The Birth of Inspiration

One of the strangest experiences I have had recently is an awareness that the “fiction” I’m writing might not be entirely fiction. The Azellian Affairs series is about an alien race with psychic abilities and its interaction with humanity. Is it possible that I’m not writing about things as “out there” as I think? Where DO I get my inspiration? 

All fiction is based in some sort of real experience, event or observation that the author sees in or around him or herself, even the extremely fantastical stuff that some of the old time sci-fi authors used to write. No, we haven’t traveled to the center of the Earth or beamed up into a space ship orbiting Earth—wouldn’t some kind of a transporter be great when we’re struggling through endless traffic or the boredom of a cross country trip, though?!—but many of the inventions that surround us now were only science fiction fifty years ago.

I grew up reading Anne McCaffrey, Marion Zimmer Bradley, Alan Dean Foster, Katherine Kurtz, Isaac Asimov, Carl Sagan (to name a few) and learned more about conservation, culture clash, and human emotions that I would have expected from the fantastical environments they created around the very mundane dramas of every day human (and sometimes nonhuman) interaction. 

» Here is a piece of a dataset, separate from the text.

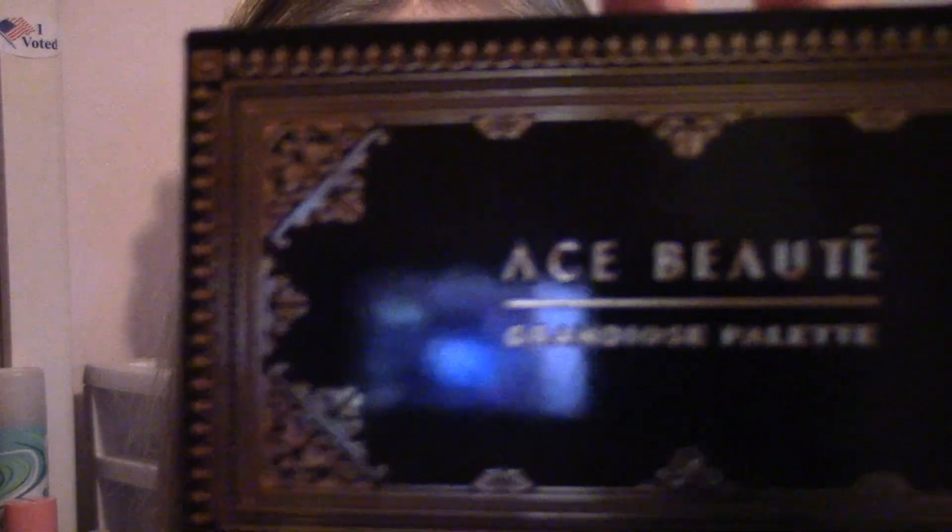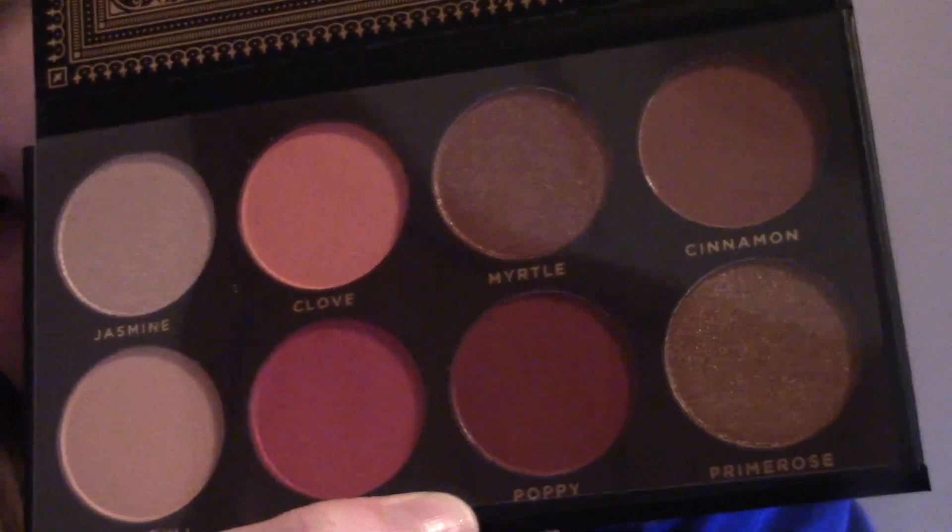A product I'm actually going to sell — I'm going to put my sister's Depop shop link down below — is this Ace Beauty Grando Palette. They have very beautiful colors. I personally just have too many eyeshadow palettes already. It's a beautiful palette, very pigmented I've heard. This is a steal — it retails for $24.99. BoxyCharm gave this to me, and I'm going to be selling it.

Like any other author, I don’t write in a vacuum—I write from the deep well of the collective consciousness and my own experience. As I do that, I begin to ask the question: do every day people have psychic abilities? Are my stories not quite so fantastic as one might think? 

I don’t have an answer. I just have a willingness to ask the question and to be open to whatever arises afterward in myself. And if that willingness takes me to places I would never have expected, well, the books I read years ago helped open me to experiences that are beautiful, transformative and wonderful. Even sometimes downright weird—but totally worth it. It’s certainly made me realize that humans are so much MORE. There is a beautiful simplicity and complexity in humanity—yes, both at the same time—that stirs my imagination and demands I connect with that part of me that is eternal and everlasting to play with what might be possible. 

A fancy answer to a simple question: where DO I get my inspiration? It is very simple: people. People who are doing nothing more dramatic than living their lives. Do I put other people into my stories? Not so much, necessarily—most of my characters are drawn more from aspects of me, not people who come and go in my life—but the people I write about are living lives much like yours or mine, despite the fantastic environments that might be surrounding them. They grow up, fall in love, get hurt and learn how to live with pain—and find joy in their living. We’re all here to follow our own paths. The details belong to us, but the theme is universal, and in that theme, there is lots of room to play and explore. People and the theme of living is my inspiration.